Project Summary
Tendons serve multiple critical roles in locomotion, and functionality can be compromised by the effects of
aging, disuse, and tendinopathy. For the aging population, the combination of these factors greatly reduces
mobility and contributes to the likelihood of falling. Many structural changes that occur with age and/or training
in tendon have been shown to impact tendon mechanics, including changes in cross-sectional area (CSA),
straightening of collagen fibrils, and increase in advanced glycation end-products (AGEs). Exercise can
mitigate some of these age-related declines, but previous studies have demonstrated that the ‘core’ of tendons
is fully formed by skeletal maturity and thus the capacity of tendon to respond to load is limited post-maturation
[16,17]. Despite this documented phenomenon, the response of tendon to loading in early life tendon is largely
unknown, nor its consequences for later life tendon performance. This proposed research aims to address two
key and related gaps in the understanding of ontogenetic interactions with tendon loading—how tendon
loading in early life impacts later life tendon mechanics, and how early life tendon adaptation to load differs (if
at all) from mature tendon.

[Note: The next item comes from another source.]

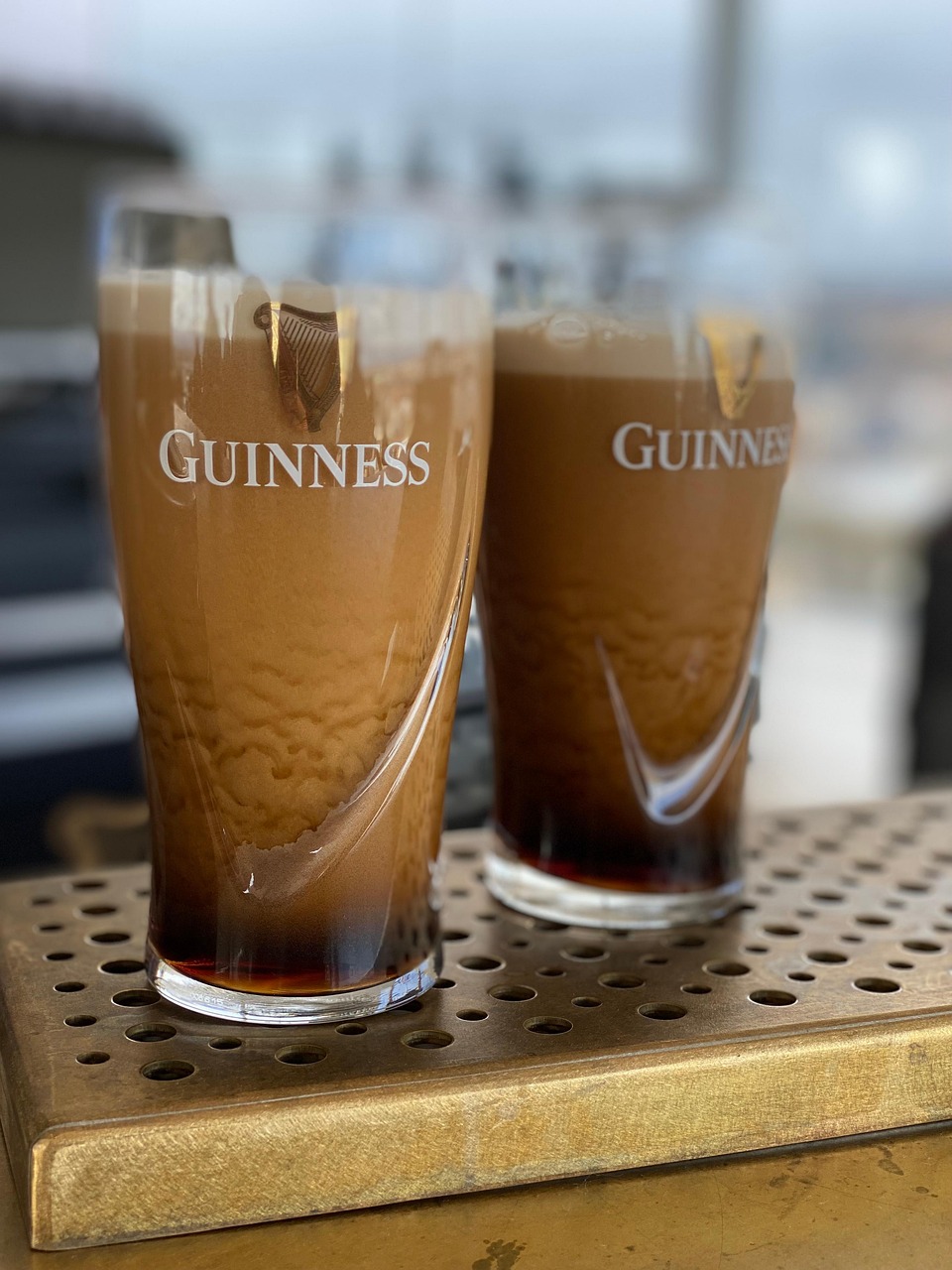 Poggiaposate In Ceramica Guinness – Irlanda, Con Etichetta – Per Cucina, Spatole E Mestoli – Regalo Ufficiale - 5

We will test the potential for early life exercise to protect against late-life
tendinopathy and identify structural mechanisms contributing to differing tendon functional morphology
between juvenile-loaded tendons and adult-loaded tendons using a 10-week exercise treatment in a mouse
model. Tendons will be harvested and undergo mechanical testing both immediately following the training as
well as 12 months later to test the ability of early life exercise to enhance late life tendon quality. The formation
of the tendon core and its response to loading in early life will be assayed using histology and stable isotopes,
thus capturing the regional response of tendon to loading at these life stages.